On June 29, 1860, Worrall walked into the Clerk’s Office of the Southern District Court of Ohio and filed copyrights for two instrumental guitar songs. “Worrall’s Original Spanish Fandango” called for the guitar strings to be tuned to an open-G chord (D, G, D, G, B, D, from low to high), with the explanation that the music was to be read as if the guitar were in standard tuning. Some of the song’s flourishes sounded like watered-down versions of earlier nineteenth-century European music. Its little alle vivace finale, for instance, could have worked as a Rossini opera coda. But with its lilting melody and easy chord changes, this song is clearly the direct ancestor of one of the most common blues strains.
Two words stand out in Worrall’s title. “Fandango,” thought to be of African origin, first appeared in the English language in the 1760s, used to describe a “native ball,” or dance. Then the term was applied to a lively 3/4 time dance that originated among Spanish-speaking people. An April 1796 playbill for New York’s John Street Theatre, for instance, advertised a “Spanish Fandango” between the play and the afterpiece, listing four dancers and five singers who did not appear in the play. Eventually the word was used to describe the music itself. Of far more interest to blues sleuths, though, is the word that precedes “Fandango” in Worrall’s title, “Spanish.” In the decades to come, this word would echo in the vocabularies of seminal bluesmen such as Charlie Patton, Son House, Robert Johnson, and Muddy Waters. More on this in a moment.

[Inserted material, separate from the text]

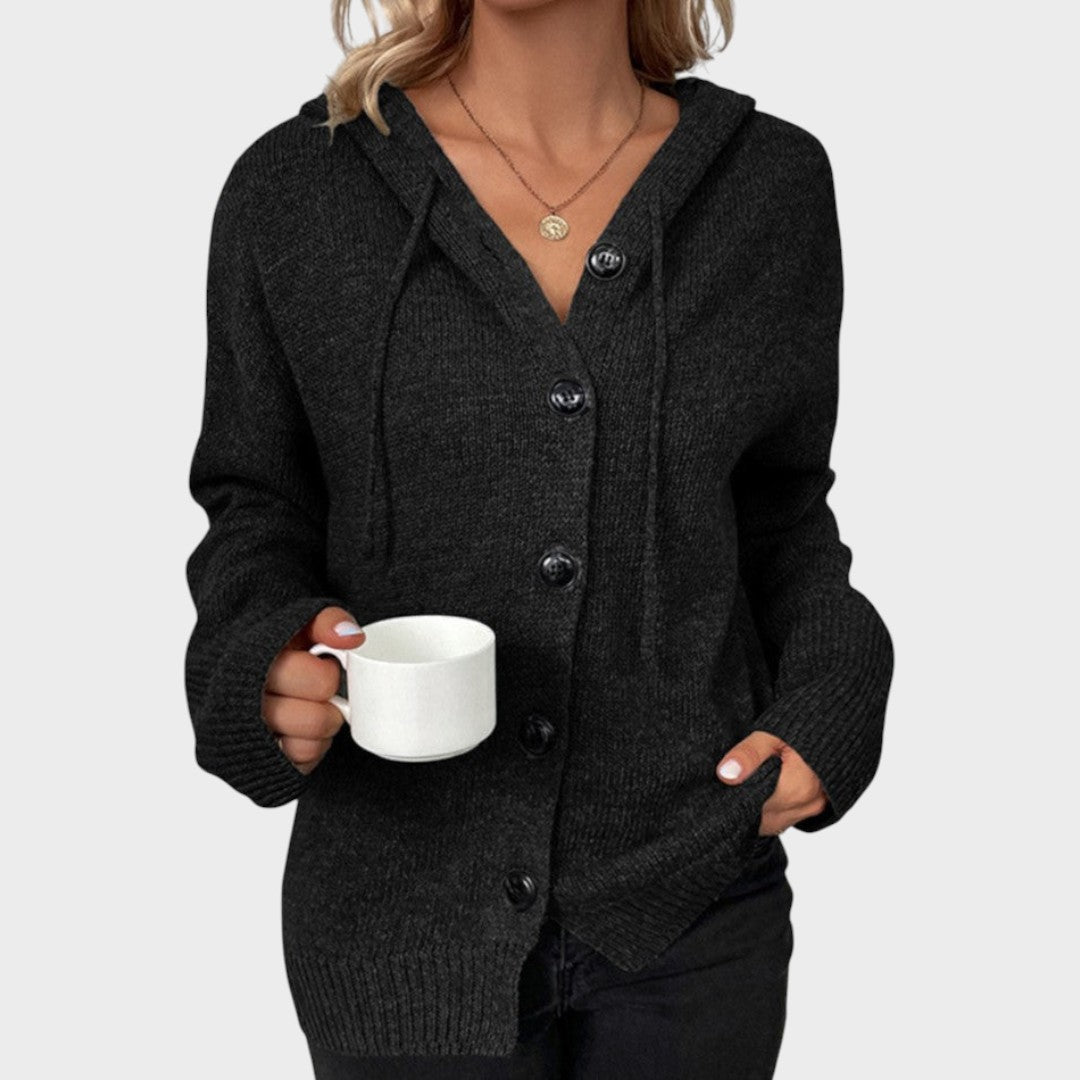 Amélia cardigan din tricot moale cu glugă spate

Worrall’s other copyright entry that day, “Sebastopol,” was composed several years earlier, when the Crimean War was raging. To commemorate the lengthy siege of the Russian city of Sebastopol (later spelled Sevastopol), Worrall composed a stately march that imitated a bugle and military marching band. He subtitled his piece a “Descriptive Fantaisie for the Guitar.” This time, the music instructed players to retune their guitar to open D so the song’s elegant treble-string melodies and chiming harmonics fell easily under the fingers. In its 1860 form, “Sebastopol” has little harmonic variation and sounds decidedly un-African, but its main melody and voice-leading approach to chords became staples for blues and folk performers as varied as Libba Cotten, Robert Wilkins, Mississippi John Hurt, and Furry Lewis.
But how did the songs Worrall copyrighted in 1860 enter the blues and folk wellsprings? The answer probably lies in dusty old guitar cases.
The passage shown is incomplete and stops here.